:: Assignment ::
Which lines of the entries below contain the string "with"? Copy each one.

____ Data for processing

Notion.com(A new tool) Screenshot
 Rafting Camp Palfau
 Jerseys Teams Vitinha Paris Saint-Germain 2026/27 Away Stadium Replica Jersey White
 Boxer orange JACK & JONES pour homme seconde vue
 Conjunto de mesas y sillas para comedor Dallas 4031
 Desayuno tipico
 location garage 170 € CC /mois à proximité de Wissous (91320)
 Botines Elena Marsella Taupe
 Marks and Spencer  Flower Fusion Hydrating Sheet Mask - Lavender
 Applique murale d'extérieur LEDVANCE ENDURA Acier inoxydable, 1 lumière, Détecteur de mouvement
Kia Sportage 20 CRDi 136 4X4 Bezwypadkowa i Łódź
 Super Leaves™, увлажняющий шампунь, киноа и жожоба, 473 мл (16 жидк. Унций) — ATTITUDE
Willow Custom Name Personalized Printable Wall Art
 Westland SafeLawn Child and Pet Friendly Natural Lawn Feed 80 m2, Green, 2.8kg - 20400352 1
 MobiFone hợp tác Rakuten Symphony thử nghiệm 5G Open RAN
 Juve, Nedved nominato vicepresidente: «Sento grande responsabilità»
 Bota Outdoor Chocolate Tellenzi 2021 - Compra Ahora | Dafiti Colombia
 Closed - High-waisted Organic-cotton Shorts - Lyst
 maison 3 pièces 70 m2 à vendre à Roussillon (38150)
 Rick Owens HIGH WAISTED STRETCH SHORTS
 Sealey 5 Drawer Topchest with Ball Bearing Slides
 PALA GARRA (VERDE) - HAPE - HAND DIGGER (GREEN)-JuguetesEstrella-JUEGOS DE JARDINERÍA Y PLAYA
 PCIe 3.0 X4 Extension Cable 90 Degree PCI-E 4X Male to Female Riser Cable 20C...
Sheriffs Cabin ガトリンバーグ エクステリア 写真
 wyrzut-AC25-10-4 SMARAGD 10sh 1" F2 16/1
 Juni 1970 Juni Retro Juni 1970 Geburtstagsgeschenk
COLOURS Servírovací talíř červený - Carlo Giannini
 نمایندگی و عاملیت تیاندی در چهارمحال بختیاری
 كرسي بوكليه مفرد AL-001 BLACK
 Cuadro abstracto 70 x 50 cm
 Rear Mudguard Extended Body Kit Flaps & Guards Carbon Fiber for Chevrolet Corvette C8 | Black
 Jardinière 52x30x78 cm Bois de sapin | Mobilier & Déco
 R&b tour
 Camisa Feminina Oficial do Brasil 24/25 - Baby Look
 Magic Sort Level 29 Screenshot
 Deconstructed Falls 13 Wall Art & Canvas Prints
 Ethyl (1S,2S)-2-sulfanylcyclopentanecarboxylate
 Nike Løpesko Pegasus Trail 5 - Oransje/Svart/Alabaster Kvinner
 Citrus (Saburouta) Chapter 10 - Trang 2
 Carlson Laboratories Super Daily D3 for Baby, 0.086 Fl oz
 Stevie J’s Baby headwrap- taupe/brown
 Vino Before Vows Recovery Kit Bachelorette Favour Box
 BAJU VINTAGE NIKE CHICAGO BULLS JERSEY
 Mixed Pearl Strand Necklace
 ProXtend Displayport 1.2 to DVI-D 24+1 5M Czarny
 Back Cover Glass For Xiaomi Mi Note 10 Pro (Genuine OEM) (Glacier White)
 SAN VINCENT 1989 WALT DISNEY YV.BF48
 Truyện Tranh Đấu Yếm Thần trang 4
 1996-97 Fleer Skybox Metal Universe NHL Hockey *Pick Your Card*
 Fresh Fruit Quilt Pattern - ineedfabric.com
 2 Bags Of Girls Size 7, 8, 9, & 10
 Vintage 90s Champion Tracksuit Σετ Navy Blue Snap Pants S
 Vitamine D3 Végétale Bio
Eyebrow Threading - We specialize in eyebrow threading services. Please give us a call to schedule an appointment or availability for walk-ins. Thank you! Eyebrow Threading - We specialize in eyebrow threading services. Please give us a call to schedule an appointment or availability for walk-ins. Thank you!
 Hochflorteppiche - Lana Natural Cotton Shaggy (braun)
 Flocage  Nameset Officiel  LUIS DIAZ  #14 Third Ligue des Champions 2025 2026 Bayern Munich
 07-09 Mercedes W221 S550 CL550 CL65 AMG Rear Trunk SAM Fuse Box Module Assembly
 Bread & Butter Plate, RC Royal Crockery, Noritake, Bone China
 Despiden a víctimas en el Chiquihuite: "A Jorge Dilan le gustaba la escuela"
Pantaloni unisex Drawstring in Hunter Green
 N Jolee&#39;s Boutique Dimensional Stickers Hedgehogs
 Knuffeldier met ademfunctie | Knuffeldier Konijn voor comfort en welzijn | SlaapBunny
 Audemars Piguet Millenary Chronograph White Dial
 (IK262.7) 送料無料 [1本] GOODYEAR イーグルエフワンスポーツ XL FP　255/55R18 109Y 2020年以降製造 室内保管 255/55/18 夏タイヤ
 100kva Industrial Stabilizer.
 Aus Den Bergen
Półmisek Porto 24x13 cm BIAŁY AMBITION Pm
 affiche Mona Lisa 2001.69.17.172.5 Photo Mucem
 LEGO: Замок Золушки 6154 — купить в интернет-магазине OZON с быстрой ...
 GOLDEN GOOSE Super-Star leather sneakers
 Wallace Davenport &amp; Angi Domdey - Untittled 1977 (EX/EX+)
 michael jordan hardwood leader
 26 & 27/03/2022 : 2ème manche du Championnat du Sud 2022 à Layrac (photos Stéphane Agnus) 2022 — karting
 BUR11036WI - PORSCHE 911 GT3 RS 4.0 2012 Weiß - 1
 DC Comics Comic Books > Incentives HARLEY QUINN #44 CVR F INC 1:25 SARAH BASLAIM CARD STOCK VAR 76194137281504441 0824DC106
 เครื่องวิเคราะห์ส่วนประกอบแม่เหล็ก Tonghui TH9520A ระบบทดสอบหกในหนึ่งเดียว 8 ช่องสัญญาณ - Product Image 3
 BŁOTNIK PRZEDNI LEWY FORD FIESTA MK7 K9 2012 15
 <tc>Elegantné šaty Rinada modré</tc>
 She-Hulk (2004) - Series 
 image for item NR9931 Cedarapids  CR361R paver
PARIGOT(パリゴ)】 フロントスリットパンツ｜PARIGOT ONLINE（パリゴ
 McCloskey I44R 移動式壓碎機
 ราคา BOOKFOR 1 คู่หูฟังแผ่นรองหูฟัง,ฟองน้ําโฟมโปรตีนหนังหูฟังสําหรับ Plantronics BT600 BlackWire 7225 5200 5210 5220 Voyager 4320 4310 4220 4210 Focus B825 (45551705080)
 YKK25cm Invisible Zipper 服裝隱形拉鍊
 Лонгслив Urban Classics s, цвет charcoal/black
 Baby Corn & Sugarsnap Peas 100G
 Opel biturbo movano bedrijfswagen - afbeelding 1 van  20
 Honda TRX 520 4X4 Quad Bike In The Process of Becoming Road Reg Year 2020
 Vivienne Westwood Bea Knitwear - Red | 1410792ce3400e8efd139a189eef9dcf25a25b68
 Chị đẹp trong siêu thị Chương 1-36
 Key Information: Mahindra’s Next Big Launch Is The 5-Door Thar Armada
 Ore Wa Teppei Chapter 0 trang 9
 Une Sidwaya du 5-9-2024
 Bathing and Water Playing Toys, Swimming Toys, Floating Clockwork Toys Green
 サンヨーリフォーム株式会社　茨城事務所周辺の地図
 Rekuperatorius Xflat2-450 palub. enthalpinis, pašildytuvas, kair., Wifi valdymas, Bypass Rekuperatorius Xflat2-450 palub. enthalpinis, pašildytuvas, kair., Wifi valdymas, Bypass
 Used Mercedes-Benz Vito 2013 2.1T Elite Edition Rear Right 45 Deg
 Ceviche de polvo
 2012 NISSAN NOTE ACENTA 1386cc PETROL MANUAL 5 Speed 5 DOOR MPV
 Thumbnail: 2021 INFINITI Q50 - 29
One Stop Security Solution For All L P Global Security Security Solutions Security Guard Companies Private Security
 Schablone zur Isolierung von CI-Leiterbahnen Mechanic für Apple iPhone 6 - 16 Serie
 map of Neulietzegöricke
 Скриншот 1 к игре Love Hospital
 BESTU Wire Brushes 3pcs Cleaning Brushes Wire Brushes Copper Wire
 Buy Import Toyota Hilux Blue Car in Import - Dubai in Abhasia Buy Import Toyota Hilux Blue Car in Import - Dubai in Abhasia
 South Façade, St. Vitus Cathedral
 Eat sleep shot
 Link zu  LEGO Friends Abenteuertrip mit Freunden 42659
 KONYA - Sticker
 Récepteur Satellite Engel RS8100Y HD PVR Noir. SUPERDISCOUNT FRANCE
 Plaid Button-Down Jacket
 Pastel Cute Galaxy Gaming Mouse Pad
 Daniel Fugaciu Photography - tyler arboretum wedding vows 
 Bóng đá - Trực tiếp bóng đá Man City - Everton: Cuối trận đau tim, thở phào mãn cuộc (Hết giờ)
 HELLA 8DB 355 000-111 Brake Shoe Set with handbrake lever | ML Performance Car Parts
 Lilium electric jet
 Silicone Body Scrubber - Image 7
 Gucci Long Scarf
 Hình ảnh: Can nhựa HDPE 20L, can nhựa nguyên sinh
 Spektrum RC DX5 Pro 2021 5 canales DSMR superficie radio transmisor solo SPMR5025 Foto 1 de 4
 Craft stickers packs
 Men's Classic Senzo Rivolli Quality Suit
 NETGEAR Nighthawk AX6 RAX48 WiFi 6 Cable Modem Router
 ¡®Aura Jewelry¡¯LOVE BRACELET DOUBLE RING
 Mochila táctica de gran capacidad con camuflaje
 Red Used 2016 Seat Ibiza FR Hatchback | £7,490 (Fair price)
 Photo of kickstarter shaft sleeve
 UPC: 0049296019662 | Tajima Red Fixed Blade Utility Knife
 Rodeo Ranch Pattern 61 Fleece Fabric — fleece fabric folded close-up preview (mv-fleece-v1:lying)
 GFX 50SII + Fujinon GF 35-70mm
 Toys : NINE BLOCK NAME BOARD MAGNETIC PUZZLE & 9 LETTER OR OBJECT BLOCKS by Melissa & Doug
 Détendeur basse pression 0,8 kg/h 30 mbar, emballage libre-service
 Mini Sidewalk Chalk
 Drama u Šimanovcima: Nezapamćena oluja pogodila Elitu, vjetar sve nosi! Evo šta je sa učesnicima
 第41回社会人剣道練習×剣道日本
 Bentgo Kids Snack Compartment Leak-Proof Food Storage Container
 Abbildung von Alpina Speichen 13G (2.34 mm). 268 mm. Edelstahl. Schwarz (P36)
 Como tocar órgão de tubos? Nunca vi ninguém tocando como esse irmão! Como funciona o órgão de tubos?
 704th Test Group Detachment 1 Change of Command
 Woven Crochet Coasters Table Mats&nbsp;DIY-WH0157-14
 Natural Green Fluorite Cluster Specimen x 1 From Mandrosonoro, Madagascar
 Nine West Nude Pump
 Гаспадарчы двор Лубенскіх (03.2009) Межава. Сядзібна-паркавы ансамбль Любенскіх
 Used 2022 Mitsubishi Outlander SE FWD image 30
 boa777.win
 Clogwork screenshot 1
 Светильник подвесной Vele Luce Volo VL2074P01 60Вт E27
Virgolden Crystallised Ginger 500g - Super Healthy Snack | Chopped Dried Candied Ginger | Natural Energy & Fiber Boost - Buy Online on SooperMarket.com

________

:: Answer box ::
 Sealey 5 Drawer Topchest with Ball Bearing Slides
 HELLA 8DB 355 000-111 Brake Shoe Set with handbrake lever | ML Performance Car Parts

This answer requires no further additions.